Twitter recently changed its user interface. Changes include a new custom-made font and a more contrasty color palette. Here’s a thread from Twitter Design about what’s different. Among other things, the change in contrast affects “Follow” buttons, and the result has confused some folks.
As highlighted by the tweet above, the problem is that the new button treatment is the inverse of what came before. In the previous version, the Follow button was solid blue with white text for accounts you were already following, and white with blue text for accounts you were not following.
This follows a widespread user interface convention: selected or active items usually appear bolder than non-selected/inactive items. You can see an example of this treatment in your phone’s Settings app.

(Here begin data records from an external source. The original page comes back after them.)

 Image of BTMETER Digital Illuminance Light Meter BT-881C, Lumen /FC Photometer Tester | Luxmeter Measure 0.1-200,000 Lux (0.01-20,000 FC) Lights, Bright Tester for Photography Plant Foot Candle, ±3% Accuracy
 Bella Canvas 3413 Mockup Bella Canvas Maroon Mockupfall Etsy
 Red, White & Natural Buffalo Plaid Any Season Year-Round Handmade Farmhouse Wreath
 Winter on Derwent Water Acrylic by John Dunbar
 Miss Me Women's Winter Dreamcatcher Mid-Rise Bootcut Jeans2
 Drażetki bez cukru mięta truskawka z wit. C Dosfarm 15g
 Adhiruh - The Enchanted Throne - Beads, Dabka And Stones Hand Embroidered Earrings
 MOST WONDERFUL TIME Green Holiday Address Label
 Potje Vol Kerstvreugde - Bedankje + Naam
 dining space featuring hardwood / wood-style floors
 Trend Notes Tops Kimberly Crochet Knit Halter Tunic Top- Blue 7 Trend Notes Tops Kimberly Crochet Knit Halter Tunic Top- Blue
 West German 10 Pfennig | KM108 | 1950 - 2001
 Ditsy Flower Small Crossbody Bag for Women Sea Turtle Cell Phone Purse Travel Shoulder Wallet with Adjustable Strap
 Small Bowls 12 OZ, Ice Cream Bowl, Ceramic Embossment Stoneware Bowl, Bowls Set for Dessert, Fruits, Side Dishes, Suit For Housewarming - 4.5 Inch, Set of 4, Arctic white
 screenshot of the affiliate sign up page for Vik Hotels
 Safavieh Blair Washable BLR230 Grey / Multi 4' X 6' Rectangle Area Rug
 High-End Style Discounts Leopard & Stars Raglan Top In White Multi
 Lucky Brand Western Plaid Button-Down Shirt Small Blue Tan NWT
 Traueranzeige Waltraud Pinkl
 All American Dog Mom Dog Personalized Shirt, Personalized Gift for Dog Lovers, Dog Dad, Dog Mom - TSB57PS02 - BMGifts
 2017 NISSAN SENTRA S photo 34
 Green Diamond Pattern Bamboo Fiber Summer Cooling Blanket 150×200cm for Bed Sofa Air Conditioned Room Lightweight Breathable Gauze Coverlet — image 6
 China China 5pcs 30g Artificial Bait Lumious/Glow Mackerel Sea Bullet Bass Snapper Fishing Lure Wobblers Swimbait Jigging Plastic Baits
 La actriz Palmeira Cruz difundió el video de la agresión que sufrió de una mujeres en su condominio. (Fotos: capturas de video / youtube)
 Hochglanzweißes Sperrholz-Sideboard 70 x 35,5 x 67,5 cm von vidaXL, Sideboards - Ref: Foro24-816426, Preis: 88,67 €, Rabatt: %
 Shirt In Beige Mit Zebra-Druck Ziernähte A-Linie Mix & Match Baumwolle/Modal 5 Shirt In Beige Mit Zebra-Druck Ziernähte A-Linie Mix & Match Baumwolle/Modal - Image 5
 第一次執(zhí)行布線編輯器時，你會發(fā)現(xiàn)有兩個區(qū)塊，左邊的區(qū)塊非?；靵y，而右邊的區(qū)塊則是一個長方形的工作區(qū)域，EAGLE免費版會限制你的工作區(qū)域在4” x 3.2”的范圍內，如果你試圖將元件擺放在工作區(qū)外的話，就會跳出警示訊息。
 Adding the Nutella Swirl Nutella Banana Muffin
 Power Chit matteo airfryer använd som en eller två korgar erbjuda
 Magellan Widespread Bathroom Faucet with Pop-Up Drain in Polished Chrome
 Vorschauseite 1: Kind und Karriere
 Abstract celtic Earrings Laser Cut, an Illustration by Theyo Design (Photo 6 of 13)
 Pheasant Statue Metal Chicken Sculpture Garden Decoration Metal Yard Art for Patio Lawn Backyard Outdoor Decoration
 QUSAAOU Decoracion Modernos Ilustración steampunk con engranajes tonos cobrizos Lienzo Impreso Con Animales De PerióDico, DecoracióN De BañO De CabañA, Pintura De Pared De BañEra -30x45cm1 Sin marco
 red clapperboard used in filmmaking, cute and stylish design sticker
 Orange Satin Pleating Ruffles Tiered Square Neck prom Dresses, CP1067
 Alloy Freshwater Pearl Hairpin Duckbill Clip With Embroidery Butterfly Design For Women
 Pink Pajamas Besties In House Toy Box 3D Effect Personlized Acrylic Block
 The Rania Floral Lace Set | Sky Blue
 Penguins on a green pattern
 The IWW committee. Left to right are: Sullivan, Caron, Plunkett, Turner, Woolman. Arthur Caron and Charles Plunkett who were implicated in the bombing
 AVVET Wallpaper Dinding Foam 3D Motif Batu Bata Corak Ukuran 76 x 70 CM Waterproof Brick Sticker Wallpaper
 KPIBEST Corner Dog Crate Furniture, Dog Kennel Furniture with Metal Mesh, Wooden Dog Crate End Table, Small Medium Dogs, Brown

In this screen, I have activated “Do Not Disturb” and “Repeated Calls,” so their respective toggle switches are rendered in solid green. “Scheduled” is not activated, so its switch appears in a light shade of gray. Lots of buttons follow this pattern, even in the physical world. (Consider the caps lock key on your keyboard: the LED light comes on when caps lock is active.)
Twitter’s new “Follow” button confounds expectations by inverting this pattern. In the new version, accounts you don’t follow are shown bolder than those you’re not following.
I’ve seen reports of folks confused by the new interface, causing them to think twice about whether they’re currently following an account or not.
I think I understand why Twitter’s designers made this choice. Of the button’s two possible states, white text on dark background stands out more in the (mostly white) default Twitter UI. More visible = higher likelihood you’ll find it quickly. It’s a practical consideration: the black buttons are the equivalent of a shiny red berry.
However, optimal findability isn’t the only consideration. Besides allowing the user to perform an action (follow/unfollow), this button also plays an important semiotic function: it indicates whether you’re already following the account or not.
These two functions are in conflict in the Twitter UI. The new version optimizes the experience for cases when you’re not following the account, which are likely the majority. But in doing so, it introduces a semiotic dissonance.
This dissonance isn’t limited to users’ prior experiences; it’s inconsistent within the new Twitter UI itself. As with many other sites, primary site navigation in Twitter indicates state by using solid as selected — the opposite of the Follow button treatment.
Bottom line: the new Follow button treatment makes sense from one perspective, but it flouts a widespread UI pattern. While we may eventually get used to it, the new version requires some thinking on our part. And as Steve Krug reminds us, we should aim to not make users think.